The Everett Planning Commission voted unanimously on March 17 to adopt Resolution 26-01, creating a Neighborhood Residential Manufactured Home Community zone to protect manufactured‑home parks from rezoning and to add notice-on-title, definitions, and development rules to city code.

The Everett Planning Commission on March 17 voted unanimously to adopt Resolution 26-01, establishing a Neighborhood Residential Manufactured Home Community (NRMHC) zoning district intended to preserve manufactured‑home parks and the owner-occupied homes within them.

Allison, the presenter, outlined the package as a set of targeted code changes: adding the NRMHC district to chapter 19.03, incorporating state-aligned definitions in 19.04, specifying uses and development regulations in 19.05, providing for one‑for‑one replacement while prohibiting the establishment of new parks in 19.13, and adding rezone procedures and a notice-on-title requirement in chapter 15.02. She told the commission the proposal limits the new zoning to existing property lines and that three parks with low owner-occupancy were left in their existing zones.

The proposal drew public testimony from residents of multiple parks. Connie Russell of South Everett urged the commission to guard against private‑equity purchases that lead to rezoning and displacement, citing a recent Florida example and saying, “This isn't development.
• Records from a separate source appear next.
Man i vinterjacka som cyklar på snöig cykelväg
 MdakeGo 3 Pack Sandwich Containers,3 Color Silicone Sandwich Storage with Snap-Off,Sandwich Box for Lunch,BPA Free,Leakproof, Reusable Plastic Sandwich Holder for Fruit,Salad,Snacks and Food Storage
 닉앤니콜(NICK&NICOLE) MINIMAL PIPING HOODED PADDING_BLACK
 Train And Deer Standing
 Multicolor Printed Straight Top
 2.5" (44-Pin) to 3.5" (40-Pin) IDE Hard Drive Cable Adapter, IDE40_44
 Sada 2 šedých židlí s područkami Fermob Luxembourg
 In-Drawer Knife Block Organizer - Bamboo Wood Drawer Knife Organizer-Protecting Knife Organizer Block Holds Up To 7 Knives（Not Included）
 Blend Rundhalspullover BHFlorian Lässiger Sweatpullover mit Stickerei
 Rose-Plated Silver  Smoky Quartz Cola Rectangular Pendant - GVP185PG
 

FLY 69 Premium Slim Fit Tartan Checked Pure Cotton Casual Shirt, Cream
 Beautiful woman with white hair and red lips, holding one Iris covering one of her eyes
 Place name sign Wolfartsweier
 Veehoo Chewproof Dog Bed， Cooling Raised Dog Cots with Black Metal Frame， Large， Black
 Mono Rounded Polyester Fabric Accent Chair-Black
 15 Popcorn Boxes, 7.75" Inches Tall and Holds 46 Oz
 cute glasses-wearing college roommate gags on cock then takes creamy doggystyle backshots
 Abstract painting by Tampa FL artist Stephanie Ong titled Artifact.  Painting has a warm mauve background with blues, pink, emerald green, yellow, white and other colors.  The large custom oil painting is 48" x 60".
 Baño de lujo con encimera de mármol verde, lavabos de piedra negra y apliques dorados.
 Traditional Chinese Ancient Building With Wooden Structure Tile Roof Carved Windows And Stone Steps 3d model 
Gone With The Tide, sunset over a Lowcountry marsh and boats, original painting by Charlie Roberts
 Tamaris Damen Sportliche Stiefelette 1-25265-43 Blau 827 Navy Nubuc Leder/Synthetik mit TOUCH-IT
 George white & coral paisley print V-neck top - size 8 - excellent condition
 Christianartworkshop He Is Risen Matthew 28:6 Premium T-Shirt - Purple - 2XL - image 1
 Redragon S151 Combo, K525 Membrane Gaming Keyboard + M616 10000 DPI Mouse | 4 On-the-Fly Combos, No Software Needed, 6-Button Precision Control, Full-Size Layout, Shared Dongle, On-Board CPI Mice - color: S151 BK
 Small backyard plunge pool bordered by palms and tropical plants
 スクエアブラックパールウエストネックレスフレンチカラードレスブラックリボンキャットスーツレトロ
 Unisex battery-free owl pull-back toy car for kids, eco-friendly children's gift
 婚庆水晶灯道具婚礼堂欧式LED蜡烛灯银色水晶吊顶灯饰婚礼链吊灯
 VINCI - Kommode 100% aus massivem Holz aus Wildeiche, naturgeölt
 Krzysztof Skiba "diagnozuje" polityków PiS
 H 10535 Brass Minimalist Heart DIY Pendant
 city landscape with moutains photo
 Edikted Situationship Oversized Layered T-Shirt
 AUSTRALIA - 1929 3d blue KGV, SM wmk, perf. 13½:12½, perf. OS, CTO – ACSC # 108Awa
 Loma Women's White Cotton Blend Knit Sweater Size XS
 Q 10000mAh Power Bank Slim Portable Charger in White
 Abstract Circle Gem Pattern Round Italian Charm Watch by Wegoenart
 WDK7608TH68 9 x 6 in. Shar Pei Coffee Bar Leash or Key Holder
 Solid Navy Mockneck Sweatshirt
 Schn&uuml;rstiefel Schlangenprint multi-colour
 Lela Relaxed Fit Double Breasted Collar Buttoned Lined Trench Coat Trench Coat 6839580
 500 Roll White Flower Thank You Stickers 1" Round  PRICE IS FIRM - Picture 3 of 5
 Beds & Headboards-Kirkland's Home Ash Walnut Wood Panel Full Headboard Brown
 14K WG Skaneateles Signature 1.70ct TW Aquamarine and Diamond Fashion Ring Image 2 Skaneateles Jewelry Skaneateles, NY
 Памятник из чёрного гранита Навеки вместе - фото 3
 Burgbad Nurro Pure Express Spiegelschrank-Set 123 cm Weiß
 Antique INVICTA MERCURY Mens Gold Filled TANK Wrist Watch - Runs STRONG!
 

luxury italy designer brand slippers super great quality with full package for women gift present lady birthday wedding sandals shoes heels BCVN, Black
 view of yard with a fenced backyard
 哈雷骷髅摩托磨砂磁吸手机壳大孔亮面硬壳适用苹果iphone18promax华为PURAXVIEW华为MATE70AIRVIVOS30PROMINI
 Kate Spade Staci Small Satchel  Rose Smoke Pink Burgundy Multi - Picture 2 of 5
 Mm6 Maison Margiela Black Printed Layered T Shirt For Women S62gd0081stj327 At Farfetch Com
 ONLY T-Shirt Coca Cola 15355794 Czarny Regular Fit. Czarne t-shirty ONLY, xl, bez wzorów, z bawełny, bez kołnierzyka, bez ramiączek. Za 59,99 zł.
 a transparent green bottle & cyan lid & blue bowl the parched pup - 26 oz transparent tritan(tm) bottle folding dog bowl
It's displacement.” Ken Pearson, representing Fairway Estates, described the local scale of what the zoning would protect: “approximately 1,000 manufactured homes with approximately 1,500 voters,” and asked the commission to secure senior residents’ equity and housing stability. Kathy Brown, also from Fairway Estates, said residents feared a sale to a developer such as the Carlyle Group and supported the new zoning.

Staff and commissioners discussed how annexation and county overlays would be handled and what would be required for a property owner to exit the NRMHC zone. York Stevens Wojta, planning director, said staff added criteria intended to ensure an owner must demonstrate circumstances beyond their control and follow REV 3B rezone procedures before a site could be rezoned out of NRMHC. The code package also adds a recorded notice on title that signals the property's NRMHC designation; staff said they had recently added that requirement in response to previous commission feedback.

Commissioner Welch moved to approve Resolution 26-01. After a roll-call vote, the motion passed with all commissioners present voting yes. Chair Shelby closed the meeting after the vote. The commission’s approval now records the commission recommendation and the code amendments as adopted by the planning body at this meeting.